Jan Beyersmann - Can today's intention to treat have a causal effect on tomorrow's hazard function?
You are all invited to an exciting seminar at Biostats on Thursday November 30th @ 15:15.
Thursday, November 30 @ 15:15:
Speaker: Jan Beyersmann, Institute of Statistics, Ulm University
Title: "Can today's intention to treat have a causal effect on tomorrow's hazard function?”

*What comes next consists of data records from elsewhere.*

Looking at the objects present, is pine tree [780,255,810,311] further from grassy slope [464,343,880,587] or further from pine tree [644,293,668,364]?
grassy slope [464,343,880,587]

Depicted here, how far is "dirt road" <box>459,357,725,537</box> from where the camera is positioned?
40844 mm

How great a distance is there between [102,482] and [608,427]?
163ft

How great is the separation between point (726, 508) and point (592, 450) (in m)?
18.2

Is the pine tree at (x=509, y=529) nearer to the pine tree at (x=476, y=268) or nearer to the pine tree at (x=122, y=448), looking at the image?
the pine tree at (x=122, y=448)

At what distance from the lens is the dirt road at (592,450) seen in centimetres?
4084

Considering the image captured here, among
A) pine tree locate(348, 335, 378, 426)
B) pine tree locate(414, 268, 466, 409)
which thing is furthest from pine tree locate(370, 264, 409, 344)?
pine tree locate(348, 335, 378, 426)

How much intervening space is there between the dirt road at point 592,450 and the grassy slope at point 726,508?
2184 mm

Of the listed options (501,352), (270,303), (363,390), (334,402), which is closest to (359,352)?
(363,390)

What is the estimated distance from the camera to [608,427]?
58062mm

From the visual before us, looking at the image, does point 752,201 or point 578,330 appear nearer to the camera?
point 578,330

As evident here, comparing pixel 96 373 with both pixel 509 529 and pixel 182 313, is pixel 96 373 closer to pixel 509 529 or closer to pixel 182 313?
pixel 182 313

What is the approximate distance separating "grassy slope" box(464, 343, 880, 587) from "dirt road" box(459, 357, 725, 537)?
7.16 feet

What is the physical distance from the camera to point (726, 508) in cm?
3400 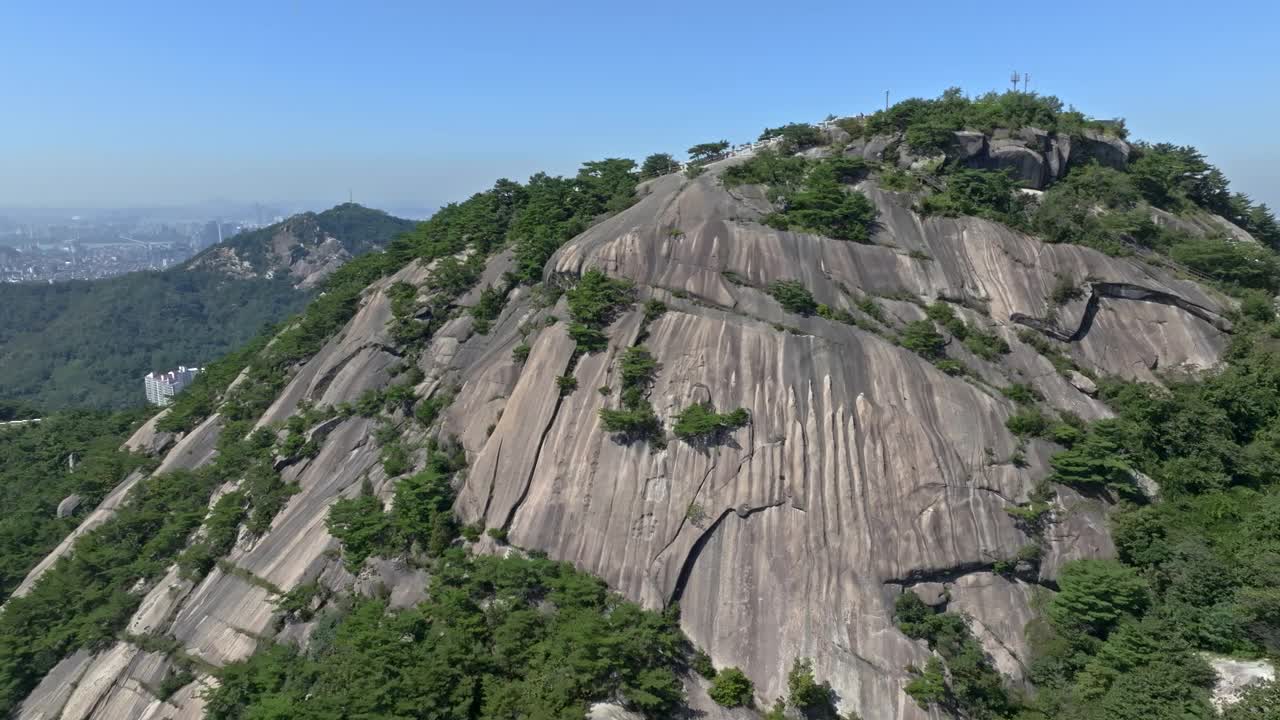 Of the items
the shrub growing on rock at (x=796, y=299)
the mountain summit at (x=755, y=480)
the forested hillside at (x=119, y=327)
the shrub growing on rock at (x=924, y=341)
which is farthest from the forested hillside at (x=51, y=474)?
the forested hillside at (x=119, y=327)

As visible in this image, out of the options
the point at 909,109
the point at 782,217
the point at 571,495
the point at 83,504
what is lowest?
the point at 83,504

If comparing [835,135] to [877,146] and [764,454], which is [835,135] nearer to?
[877,146]

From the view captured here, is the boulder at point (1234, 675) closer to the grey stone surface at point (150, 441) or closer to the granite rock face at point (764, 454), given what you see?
the granite rock face at point (764, 454)

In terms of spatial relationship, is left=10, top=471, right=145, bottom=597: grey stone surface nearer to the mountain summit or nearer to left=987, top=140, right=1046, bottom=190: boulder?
the mountain summit

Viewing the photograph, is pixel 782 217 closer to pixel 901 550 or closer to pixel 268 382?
pixel 901 550

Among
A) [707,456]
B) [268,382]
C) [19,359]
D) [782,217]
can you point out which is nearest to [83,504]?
[268,382]

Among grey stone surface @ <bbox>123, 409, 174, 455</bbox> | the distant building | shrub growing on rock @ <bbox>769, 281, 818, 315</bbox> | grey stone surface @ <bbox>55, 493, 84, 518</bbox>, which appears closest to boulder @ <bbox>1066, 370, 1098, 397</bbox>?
shrub growing on rock @ <bbox>769, 281, 818, 315</bbox>
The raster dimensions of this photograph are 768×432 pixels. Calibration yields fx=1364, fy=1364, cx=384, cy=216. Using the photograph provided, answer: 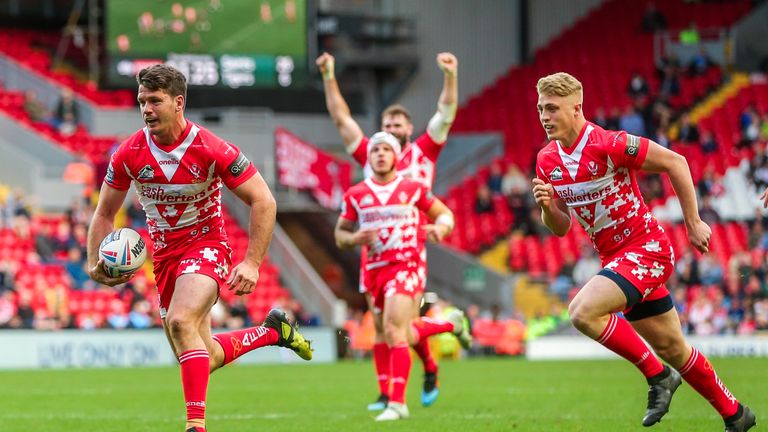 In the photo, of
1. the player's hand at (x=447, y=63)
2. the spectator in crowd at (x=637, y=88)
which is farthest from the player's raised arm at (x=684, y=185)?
the spectator in crowd at (x=637, y=88)

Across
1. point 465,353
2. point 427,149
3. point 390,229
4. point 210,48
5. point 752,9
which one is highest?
point 752,9

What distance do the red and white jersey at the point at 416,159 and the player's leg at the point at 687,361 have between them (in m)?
4.51

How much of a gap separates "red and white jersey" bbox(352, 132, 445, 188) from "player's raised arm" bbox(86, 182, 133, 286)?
416 cm

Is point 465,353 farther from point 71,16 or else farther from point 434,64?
point 71,16

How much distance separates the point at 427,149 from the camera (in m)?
12.9

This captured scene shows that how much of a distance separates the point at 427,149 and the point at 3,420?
454 cm

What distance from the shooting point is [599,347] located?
24641 mm

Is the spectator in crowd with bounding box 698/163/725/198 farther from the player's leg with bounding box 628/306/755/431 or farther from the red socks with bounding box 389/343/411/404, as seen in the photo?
the player's leg with bounding box 628/306/755/431

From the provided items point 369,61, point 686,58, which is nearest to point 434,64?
point 369,61

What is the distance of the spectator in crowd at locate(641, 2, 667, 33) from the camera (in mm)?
36594

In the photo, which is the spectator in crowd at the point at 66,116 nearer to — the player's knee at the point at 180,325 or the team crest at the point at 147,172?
the team crest at the point at 147,172

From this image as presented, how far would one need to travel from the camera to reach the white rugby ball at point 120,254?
8.42 metres

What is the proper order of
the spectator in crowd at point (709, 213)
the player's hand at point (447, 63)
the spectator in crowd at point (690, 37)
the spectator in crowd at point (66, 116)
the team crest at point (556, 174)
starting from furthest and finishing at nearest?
1. the spectator in crowd at point (690, 37)
2. the spectator in crowd at point (66, 116)
3. the spectator in crowd at point (709, 213)
4. the player's hand at point (447, 63)
5. the team crest at point (556, 174)

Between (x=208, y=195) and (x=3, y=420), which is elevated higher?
(x=208, y=195) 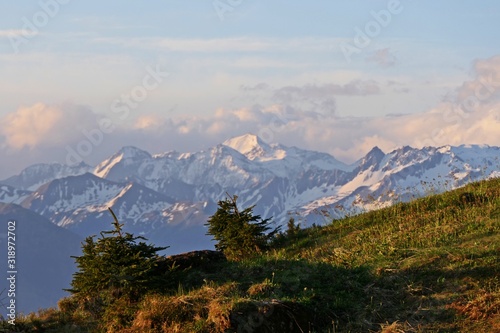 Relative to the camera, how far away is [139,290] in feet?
64.8

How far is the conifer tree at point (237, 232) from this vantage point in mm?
26172

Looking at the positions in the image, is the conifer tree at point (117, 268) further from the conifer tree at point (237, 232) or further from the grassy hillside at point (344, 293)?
the conifer tree at point (237, 232)

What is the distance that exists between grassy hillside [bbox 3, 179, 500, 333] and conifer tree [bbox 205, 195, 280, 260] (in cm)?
210

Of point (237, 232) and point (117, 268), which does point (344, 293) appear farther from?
point (237, 232)

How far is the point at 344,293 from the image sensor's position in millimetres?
18922

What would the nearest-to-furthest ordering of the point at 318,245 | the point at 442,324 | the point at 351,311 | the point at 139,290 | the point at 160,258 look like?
the point at 442,324
the point at 351,311
the point at 139,290
the point at 160,258
the point at 318,245

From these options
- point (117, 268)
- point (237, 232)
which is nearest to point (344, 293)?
point (117, 268)

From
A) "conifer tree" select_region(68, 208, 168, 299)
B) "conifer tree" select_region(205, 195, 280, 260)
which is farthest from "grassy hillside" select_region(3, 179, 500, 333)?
"conifer tree" select_region(205, 195, 280, 260)

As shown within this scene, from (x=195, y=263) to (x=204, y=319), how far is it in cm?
577

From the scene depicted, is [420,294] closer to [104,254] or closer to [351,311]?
[351,311]

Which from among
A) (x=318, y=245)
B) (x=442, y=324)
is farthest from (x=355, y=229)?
(x=442, y=324)

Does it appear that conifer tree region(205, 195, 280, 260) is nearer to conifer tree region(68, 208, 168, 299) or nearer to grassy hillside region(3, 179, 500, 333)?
grassy hillside region(3, 179, 500, 333)

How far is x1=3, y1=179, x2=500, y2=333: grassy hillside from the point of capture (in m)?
16.9

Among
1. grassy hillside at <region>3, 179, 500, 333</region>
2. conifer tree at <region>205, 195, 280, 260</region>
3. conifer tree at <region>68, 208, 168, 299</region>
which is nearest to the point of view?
grassy hillside at <region>3, 179, 500, 333</region>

Abstract: Hazards condition on previous survival, which makes them both identifiable based on censored data and the inferential key quantities of survival analysis. It also makes them subject to critique from a causal point of view. The worry is that after randomization of the intention to treat a more beneficial treatment will help sicker patients to survive longer, rendering treatment intention and markers of sickness dependent after time origin. Called ‘collider bias’, this is interpreted as breaking randomization and therefore complicating detection of a causal treatment effect. The strange part of this argument is that the situation at later times is explained as a causal consequence of treatment. I will try to review this dilemma - identifiability vs. causal concerns - and argue that there is a causal effect of today’s intention to treat on the future hazard function, if interpreted in a functional way. I will also argue that things are the way they should be and ‘collider bias’ really ‘collider effect’, that the latter has little to do with time-to-event, and that piecewise constant hazard ratios carry information on how treatment works.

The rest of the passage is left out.